• _THE DATA_
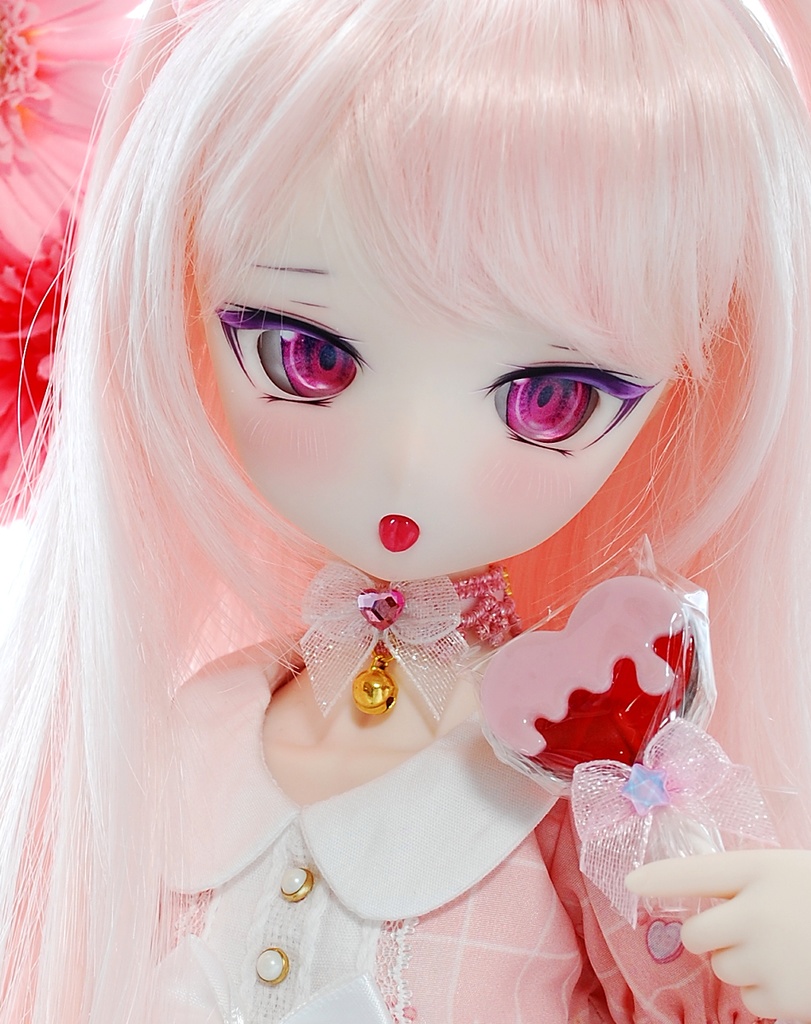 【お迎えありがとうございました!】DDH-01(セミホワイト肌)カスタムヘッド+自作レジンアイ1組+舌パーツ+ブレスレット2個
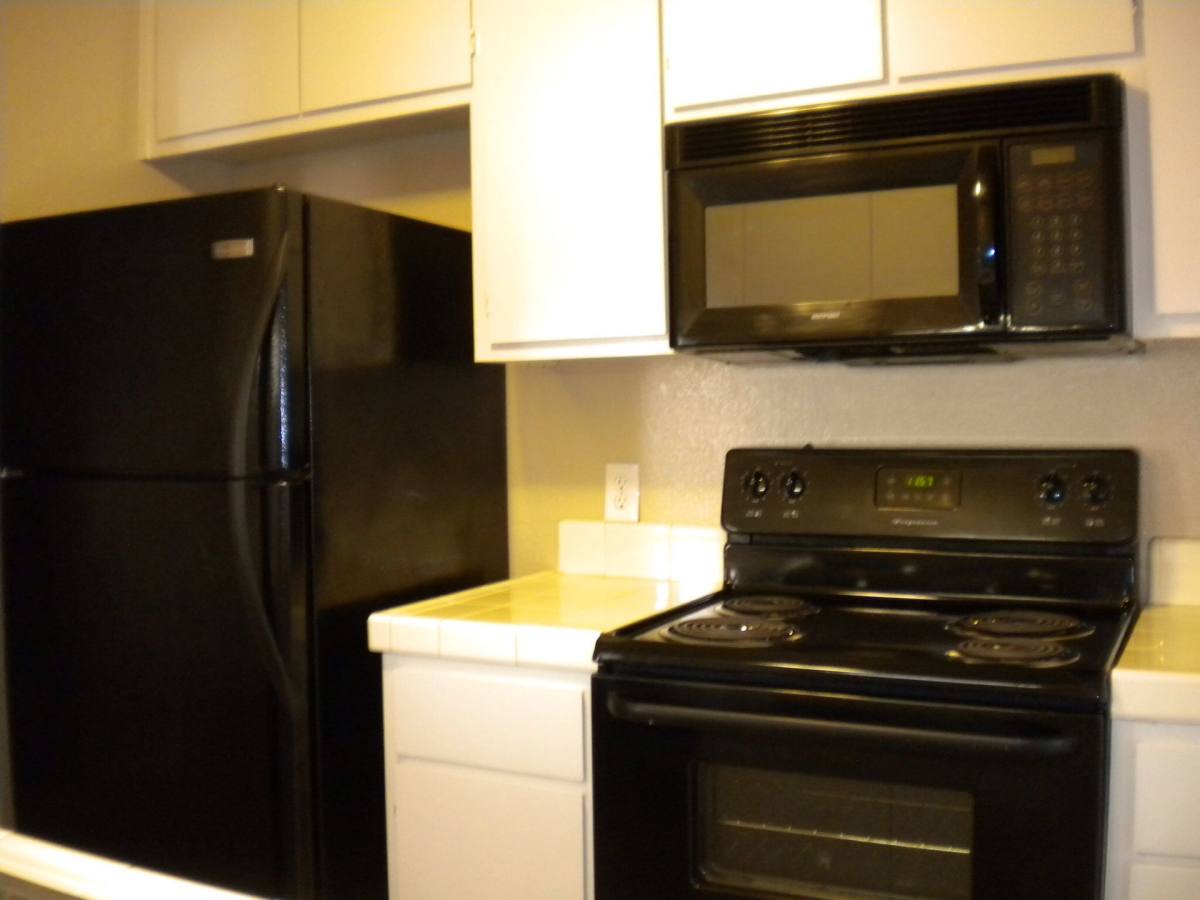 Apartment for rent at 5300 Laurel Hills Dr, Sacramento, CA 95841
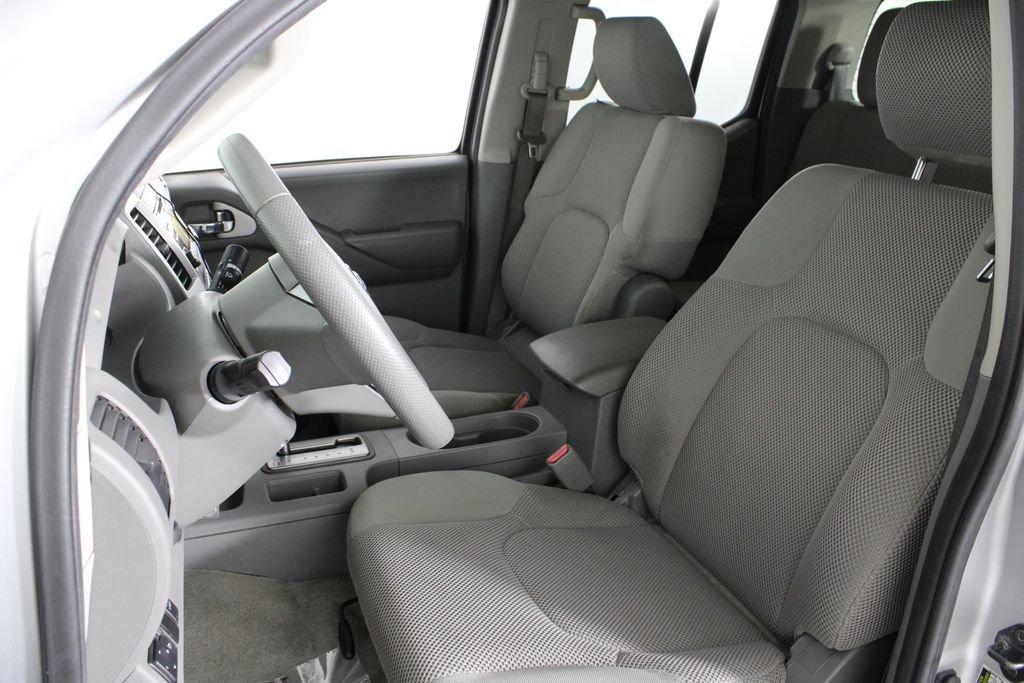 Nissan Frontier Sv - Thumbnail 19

• _INSTRUCTIONS TO FOLLOW_
Write the data out again exactly, but without its images.

• _ANSWER FOR THIS EXERCISE_
 【お迎えありがとうございました!】DDH-01(セミホワイト肌)カスタムヘッド+自作レジンアイ1組+舌パーツ+ブレスレット2個
 Apartment for rent at 5300 Laurel Hills Dr, Sacramento, CA 95841
 Nissan Frontier Sv - Thumbnail 19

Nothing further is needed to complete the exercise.